Vous par apport à l’avenir du cyclisme féminin, que ce soit en matière d’équipe ou en matière d’organisation, vous croyez plus à la démarche Trek Segafredo : équipe pro masculine qui crée une équipe pro féminine ou plus à un développement autonome type Boels Dolmans ?
C’est compliqué. L’équipe Boels Dolmans c’est là numéro 1 donc à l’heure actuelle, on ne peut pas dire que ce ne soit pas le bon format. Après, si je prends mon point de vue, c’est clair que l’équipe Trek Segafredo ça vend du rêve.
Cyrille Guimard parlait du centenaire du maillot jaune et d’un mixte entre Thibaut Pinot et Romain Bardet pour arriver à avoir un maillot jaune Français aux champs Élysée. Qu’en pensez-vous ? Vous y croyez-vous à un français en jaune le 28 juillet ?

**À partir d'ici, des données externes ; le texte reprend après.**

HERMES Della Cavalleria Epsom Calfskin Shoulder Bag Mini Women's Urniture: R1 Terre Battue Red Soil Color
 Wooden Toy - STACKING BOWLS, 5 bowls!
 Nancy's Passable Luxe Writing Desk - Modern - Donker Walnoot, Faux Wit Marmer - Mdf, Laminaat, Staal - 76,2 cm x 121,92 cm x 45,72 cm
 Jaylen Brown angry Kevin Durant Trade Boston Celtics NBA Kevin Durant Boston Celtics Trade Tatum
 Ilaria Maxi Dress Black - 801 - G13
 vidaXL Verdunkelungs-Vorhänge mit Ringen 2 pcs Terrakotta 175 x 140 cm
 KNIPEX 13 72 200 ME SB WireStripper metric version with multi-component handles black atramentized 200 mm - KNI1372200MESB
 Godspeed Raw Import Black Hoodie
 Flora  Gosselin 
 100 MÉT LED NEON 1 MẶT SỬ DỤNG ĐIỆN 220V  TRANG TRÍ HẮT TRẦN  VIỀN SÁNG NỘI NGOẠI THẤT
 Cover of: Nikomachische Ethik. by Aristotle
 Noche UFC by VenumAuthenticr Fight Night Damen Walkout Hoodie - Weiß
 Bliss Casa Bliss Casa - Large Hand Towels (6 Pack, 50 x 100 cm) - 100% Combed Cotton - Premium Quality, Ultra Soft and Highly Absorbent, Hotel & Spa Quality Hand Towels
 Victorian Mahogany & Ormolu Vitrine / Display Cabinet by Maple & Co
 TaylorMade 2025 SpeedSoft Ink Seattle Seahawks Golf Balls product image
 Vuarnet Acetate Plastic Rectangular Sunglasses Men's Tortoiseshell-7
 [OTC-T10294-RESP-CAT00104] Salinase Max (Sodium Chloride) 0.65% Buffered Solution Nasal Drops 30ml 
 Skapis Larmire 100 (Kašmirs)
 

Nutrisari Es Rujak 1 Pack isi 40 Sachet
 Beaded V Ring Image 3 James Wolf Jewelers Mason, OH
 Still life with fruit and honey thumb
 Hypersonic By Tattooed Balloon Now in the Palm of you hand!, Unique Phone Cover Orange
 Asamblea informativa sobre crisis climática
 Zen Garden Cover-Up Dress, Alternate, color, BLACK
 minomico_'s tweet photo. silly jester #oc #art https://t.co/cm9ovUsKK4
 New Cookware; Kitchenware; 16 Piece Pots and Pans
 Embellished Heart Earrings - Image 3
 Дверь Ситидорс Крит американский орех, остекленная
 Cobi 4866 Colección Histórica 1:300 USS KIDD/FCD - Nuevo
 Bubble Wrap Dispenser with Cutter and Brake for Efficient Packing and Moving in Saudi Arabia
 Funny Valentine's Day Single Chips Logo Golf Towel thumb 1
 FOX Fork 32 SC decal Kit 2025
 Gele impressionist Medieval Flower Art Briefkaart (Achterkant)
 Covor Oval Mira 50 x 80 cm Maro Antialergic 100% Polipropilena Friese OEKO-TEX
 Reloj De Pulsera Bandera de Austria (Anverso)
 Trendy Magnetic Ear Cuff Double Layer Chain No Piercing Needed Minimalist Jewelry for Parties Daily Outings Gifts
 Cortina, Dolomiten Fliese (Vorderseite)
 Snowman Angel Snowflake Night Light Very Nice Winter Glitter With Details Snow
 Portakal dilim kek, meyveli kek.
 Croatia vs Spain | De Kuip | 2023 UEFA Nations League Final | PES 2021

Ça serait un peu facile de pouvoir mélanger tous les coureurs non ? (rires) Oui on peut y croire, on a vraiment une génération dorée de Français, capables de gagner sur tous les terrains. Que ce soit sur les classements généraux, des puncheurs avec Julian Alaphilippe, des sprinteurs avec Bryan Coquard, Nacer Bouhanni, Arnaud Démarre. Je pense qu’on n’a pas à rougir de notre génération de Français. On peut y croire. Je pense que des gars comme Thibaut Pinot qui vont se concentrer que sur cette épreuve arriveront avec plus de fraîcheur là où d’habitude ils sont plus fatigués après le Giro. De plus, avec sa saison l’année dernière, je pense qu’il a passé un cap. Il a tout connu : des hauts et des bas. Et sur ce tour de Lombardie, on a vu un mec qui était sûr de lui, qui n’avait peur de rien et je pense que ça l’a vraiment fait passer ce cap. Et puis Romain Bardet, il est toujours là, toujours au niveau, il tient toujours son rang, il ne connaît pas de défaillance. Il se connaît parfaitement et ce qui peut le faire pêcher c’est peut-être le contre la montre et à ce niveau-là, face à des Christopher Froome, tu pars avec un sacré handicap.
Vous vous voyez comment dans cinq ans ? Dans les médias ? Organisatrice ? Ou manager d’une équipe féminine ou masculine ?
C’est une bonne question (rires). Je ne sais déjà pas où je vais être l’année prochaine même la semaine prochaine. Je ne sais pas trop où me diriger. C’est pour cela que je ne me ferme pas de porte, j’apprends et je n’ai pas envie de griller des étapes. Je vais déjà finir le tour de la Provence et j’ai encore des manches à mettre pour pouvoir diriger une course seule. J’espère en tout cas être comme maintenant et pouvoir vivre de ce que j’aime. Être heureuse.